In der Vergangenheit wurde die Indikation zur Hysterektomie sehr häufig gestellt, nach wie vor werden viele Frauen nach dieser bewährten Methode therapiert. „Heute ist die Anwendung weitgehend auf den symptomatischen Uterus myomatosus beschränkt. Die wichtigsten Beschwerden sind unregelmäßige Blutungen und Schmerzen. Daneben ist die Entfernung der Gebärmutter bei Verdacht auf einen malignen Prozess indiziert“, erklärte Prof. Dr. Rene Wenzl, Univ.-Klinik für Frauenheilkunde, Medizinische Universität Wien, bei der Tagung „Menopause-Andropause-Anitaging 2005“ in Wien. „Die Hysterektomie ist ein etabliertes Verfahren. Warum sollten wir uns dennoch mit vergleichsweise komplizierten organerhaltenden Methoden auseinandersetzen?“ fragte Wenzl. „Neben klinischen Rahmenbedingungen wie der Zahl und Größe der Myome, dem Alter und einem möglichen Kinderwunsch der Patientin sollten vor allem ihre individuellen Bedürfnisse in der Entscheidung für oder gegen den Organerhalt berücksichtigt werden.“ Die Auswahl an konservativen chirurgischen Methoden ist groß und wird durch Verfahren wie Kryotherapie, Embolisation oder hochfrequente Ultraschallanwendungen erweitert. Wenzl: „Zudem gibt es geeignete Medikamente aus der Gruppe der Gestagene sowie Raloxifen.
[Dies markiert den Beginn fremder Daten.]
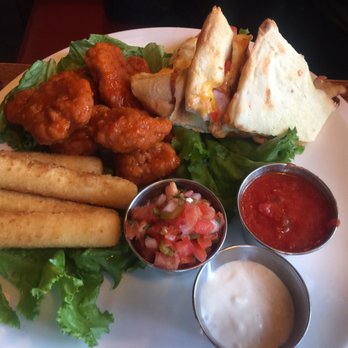 Uno Pizzeria & Grill - Sampler - Pizza Near Me - Bensalem, Pennsylvania Uno Pizzeria & Grill - Sampler - Pizza Near Me - Bensalem, Pennsylvania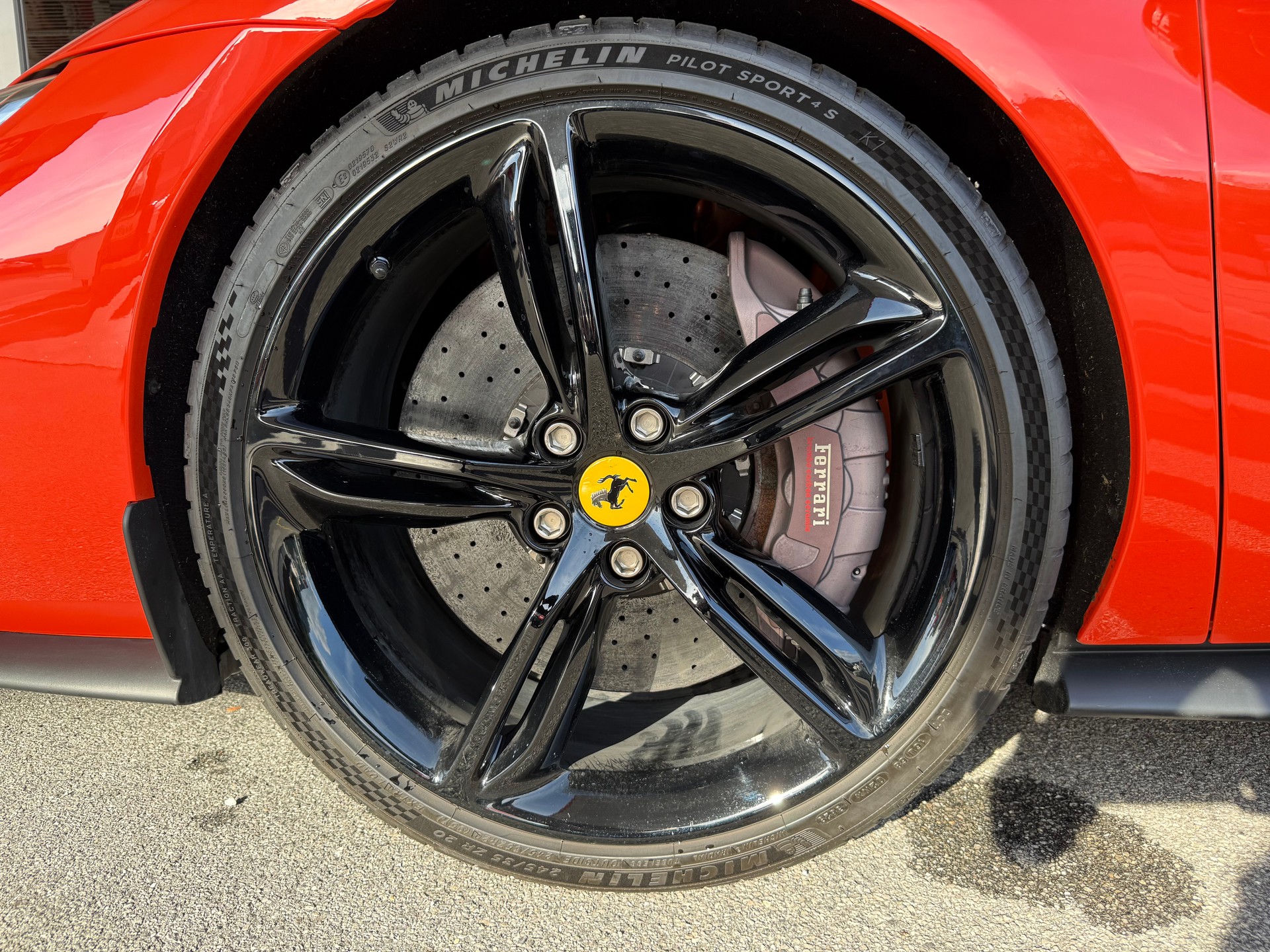 FERRARI 296 GTB ROSSO DINO-image-16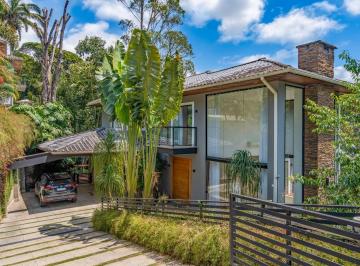 Casa · 398m² · 3 Quartos · 3 Vagas · Casa Com 3 Quartos No Mosela, Petrópolis.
Mit ihnen kann der Uterus myomatosus sehr wirksam, jedoch mit einer im Vergleich zu operativen Eingriffen höheren Rezidivrate behandelt werden.“

Medikamentöse Option

Auch die konservative Therapie mit Medikamenten ist nach wie vor wenig verbreitet, obwohl sie eine gute Möglichkeit darstellt, eine jüngere Patientin ohne Operation in die Menopause zu führen, in der es zu einer Besserung der Symptomatik kommen kann. Asymptomatische Myome werden grundsätzlich zuwartend kontrolliert. Eine 2005 veröffentlichte Studie von Hanafi et al. zeigte, dass die Rezidivrate der Myome bei uterus­erhaltenden Techniken stark von der Uterusgröße und der Anzahl präoperativ vorhandener Läsionen abhängt: Große Uteri und zahlreiche Myome waren mit einer höheren Rezidivrate verbunden. „Es ist aber zu beachten, dass nicht jedes Rezidiv-Myom behandlungsbedürftig ist“, gab Wenzl zu bedenken. Das neuerliche Auftreten von Blutungsstörungen wurde in dieser Studie häufiger angegeben als jenes von dysmenorrhoischen Schmerzen.

Gute Ergebnisse im Follow-up

An der Univ.-Klinik für Frauenheilkunde wurden 150 der 330 zwischen 1996 und 2004 konservativ operierten Patientinnen in einen 52-monatigen Follow-up einbezogen. Wenzl: „Bei diesen Frauen waren Blutungen und Schmerzen die Hauptgründe für die Operation. Es konnte gezeigt werden, dass nur jede 15. Frau eine Nachoperation brauchte: Bei 3,5 Prozent wurde in den folgenden 52 Monaten eine Hysterektomie erforderlich, bei 4,0 Prozent erfolgte eine weitere Myom-Enukleation.“ Auch die Patientinnenzufriedenheit spiegelte ein positives Bild wider. Nach fünfeinhalb Jahren waren 88 Prozent der Frauen mit ihrer Operation zufrieden. 67 Prozent gaben an, nicht mehr an Dysmenorrhoen zu leiden.